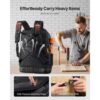 VEVOR Werkzeugrucksack, 65 Taschen, Backpack mit Laptopfach & geformtem Boden – Bild 4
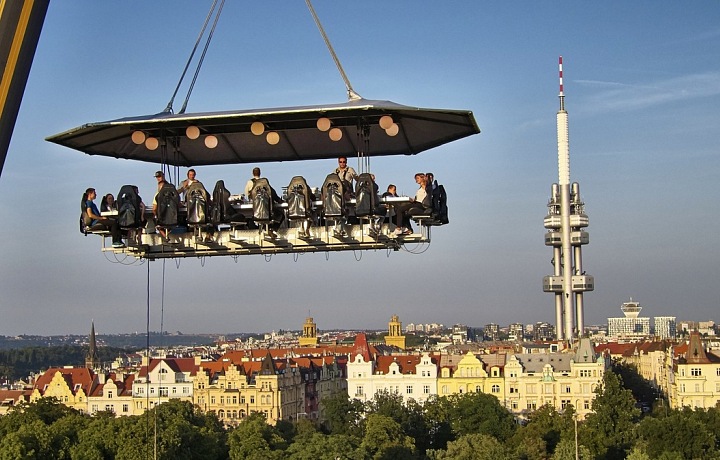 V Riegerových sadech je dokonalý výhled na celou Prahu.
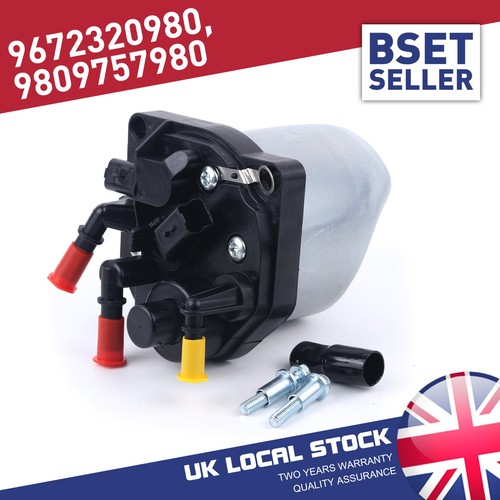 Fuel filter housing with - fuel,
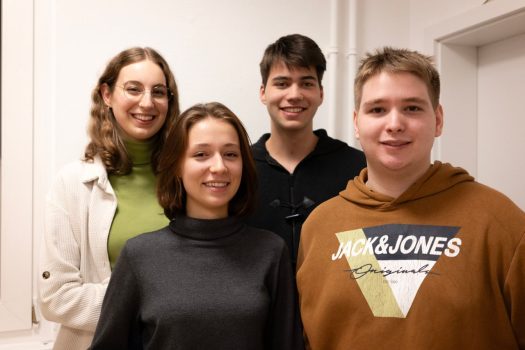 Der neue Vorstand der Grünen Jugend Schwarzwald-Baar steht: Alica Scherer, Marin Juric , Fabian Braun und Amelie Hornig wurden einstimmig gewählt.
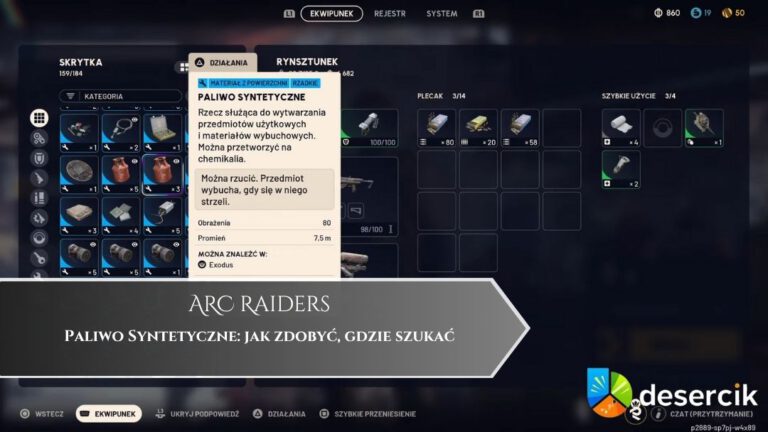 ARC Raiders – Paliwo Syntetyczne: jak zdobyć, gdzie szukać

■ ■ ■ ■ ■

(Problem) Output the lines above in full and exactly. Leave out every picture.

(Solved problem)
 VEVOR Werkzeugrucksack, 65 Taschen, Backpack mit Laptopfach & geformtem Boden – Bild 4
 V Riegerových sadech je dokonalý výhled na celou Prahu.
 Fuel filter housing with - fuel,
 Der neue Vorstand der Grünen Jugend Schwarzwald-Baar steht: Alica Scherer, Marin Juric , Fabian Braun und Amelie Hornig wurden einstimmig gewählt.
 ARC Raiders – Paliwo Syntetyczne: jak zdobyć, gdzie szukać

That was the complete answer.